Entries taken from a collection:
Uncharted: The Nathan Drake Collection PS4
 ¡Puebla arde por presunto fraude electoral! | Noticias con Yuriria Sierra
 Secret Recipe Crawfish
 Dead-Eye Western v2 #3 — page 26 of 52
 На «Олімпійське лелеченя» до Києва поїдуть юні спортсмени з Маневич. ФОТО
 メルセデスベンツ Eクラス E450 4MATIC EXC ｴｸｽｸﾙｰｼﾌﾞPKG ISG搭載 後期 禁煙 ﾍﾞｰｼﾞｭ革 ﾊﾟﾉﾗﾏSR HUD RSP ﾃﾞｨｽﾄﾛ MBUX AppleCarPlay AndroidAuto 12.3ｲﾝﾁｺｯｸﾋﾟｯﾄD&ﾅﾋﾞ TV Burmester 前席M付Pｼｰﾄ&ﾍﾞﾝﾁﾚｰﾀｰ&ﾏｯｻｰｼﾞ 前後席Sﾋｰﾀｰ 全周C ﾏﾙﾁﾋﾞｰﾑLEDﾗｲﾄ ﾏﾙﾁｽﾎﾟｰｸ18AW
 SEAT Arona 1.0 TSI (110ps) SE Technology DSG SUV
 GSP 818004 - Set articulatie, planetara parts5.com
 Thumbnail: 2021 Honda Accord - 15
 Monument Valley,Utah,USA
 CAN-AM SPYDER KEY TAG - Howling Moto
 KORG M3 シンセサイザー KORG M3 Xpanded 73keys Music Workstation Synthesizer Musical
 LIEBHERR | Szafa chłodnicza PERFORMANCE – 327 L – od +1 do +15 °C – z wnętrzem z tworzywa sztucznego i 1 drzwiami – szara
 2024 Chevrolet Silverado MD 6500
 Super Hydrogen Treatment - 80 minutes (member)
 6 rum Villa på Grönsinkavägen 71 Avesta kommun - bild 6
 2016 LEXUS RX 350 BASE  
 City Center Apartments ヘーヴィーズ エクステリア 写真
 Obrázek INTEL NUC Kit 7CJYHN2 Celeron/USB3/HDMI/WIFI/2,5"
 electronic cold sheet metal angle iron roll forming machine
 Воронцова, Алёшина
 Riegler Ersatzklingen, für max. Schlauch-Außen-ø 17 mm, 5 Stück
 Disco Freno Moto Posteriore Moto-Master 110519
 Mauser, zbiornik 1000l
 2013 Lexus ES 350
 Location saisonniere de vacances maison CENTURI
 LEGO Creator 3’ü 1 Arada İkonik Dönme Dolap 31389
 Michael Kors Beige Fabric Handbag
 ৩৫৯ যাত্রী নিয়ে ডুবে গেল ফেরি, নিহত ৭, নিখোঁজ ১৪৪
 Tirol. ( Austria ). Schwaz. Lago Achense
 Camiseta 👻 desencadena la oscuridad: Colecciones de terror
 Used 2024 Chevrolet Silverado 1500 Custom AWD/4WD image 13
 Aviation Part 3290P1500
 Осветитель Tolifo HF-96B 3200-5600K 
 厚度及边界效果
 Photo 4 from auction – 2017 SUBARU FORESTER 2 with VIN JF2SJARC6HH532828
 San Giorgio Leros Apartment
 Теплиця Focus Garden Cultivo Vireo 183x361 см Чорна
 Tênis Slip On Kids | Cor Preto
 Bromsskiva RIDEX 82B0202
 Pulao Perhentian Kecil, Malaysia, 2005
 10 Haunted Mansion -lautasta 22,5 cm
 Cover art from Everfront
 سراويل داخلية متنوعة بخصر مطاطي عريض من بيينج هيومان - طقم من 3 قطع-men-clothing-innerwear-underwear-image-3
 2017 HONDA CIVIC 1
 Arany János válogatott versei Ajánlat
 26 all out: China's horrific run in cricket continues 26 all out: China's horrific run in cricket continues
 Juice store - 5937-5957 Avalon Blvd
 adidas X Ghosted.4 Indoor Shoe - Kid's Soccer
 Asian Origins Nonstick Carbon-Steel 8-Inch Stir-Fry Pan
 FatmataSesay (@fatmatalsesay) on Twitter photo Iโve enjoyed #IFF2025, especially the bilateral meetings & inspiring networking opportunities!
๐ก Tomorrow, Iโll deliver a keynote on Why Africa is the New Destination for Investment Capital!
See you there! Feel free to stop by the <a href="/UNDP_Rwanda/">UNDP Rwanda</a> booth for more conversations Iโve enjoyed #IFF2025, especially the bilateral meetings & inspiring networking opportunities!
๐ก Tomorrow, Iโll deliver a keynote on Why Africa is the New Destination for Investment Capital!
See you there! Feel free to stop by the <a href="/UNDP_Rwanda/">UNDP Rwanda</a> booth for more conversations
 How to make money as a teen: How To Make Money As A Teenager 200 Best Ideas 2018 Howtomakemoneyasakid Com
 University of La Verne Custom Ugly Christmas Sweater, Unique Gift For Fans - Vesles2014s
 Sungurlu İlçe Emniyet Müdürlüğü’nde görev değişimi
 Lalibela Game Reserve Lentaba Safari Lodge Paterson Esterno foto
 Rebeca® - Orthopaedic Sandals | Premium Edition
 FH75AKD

Goal of the exercise:
The reply should hold only the lines from the top of the records through the line that has "LEGO Creator 3’ü", each one exact.

The answer:
Uncharted: The Nathan Drake Collection PS4
 ¡Puebla arde por presunto fraude electoral! | Noticias con Yuriria Sierra
 Secret Recipe Crawfish
 Dead-Eye Western v2 #3 — page 26 of 52
 На «Олімпійське лелеченя» до Києва поїдуть юні спортсмени з Маневич. ФОТО
 メルセデスベンツ Eクラス E450 4MATIC EXC ｴｸｽｸﾙｰｼﾌﾞPKG ISG搭載 後期 禁煙 ﾍﾞｰｼﾞｭ革 ﾊﾟﾉﾗﾏSR HUD RSP ﾃﾞｨｽﾄﾛ MBUX AppleCarPlay AndroidAuto 12.3ｲﾝﾁｺｯｸﾋﾟｯﾄD&ﾅﾋﾞ TV Burmester 前席M付Pｼｰﾄ&ﾍﾞﾝﾁﾚｰﾀｰ&ﾏｯｻｰｼﾞ 前後席Sﾋｰﾀｰ 全周C ﾏﾙﾁﾋﾞｰﾑLEDﾗｲﾄ ﾏﾙﾁｽﾎﾟｰｸ18AW
 SEAT Arona 1.0 TSI (110ps) SE Technology DSG SUV
 GSP 818004 - Set articulatie, planetara parts5.com
 Thumbnail: 2021 Honda Accord - 15
 Monument Valley,Utah,USA
 CAN-AM SPYDER KEY TAG - Howling Moto
 KORG M3 シンセサイザー KORG M3 Xpanded 73keys Music Workstation Synthesizer Musical
 LIEBHERR | Szafa chłodnicza PERFORMANCE – 327 L – od +1 do +15 °C – z wnętrzem z tworzywa sztucznego i 1 drzwiami – szara
 2024 Chevrolet Silverado MD 6500
 Super Hydrogen Treatment - 80 minutes (member)
 6 rum Villa på Grönsinkavägen 71 Avesta kommun - bild 6
 2016 LEXUS RX 350 BASE  
 City Center Apartments ヘーヴィーズ エクステリア 写真
 Obrázek INTEL NUC Kit 7CJYHN2 Celeron/USB3/HDMI/WIFI/2,5"
 electronic cold sheet metal angle iron roll forming machine
 Воронцова, Алёшина
 Riegler Ersatzklingen, für max. Schlauch-Außen-ø 17 mm, 5 Stück
 Disco Freno Moto Posteriore Moto-Master 110519
 Mauser, zbiornik 1000l
 2013 Lexus ES 350
 Location saisonniere de vacances maison CENTURI
 LEGO Creator 3’ü 1 Arada İkonik Dönme Dolap 31389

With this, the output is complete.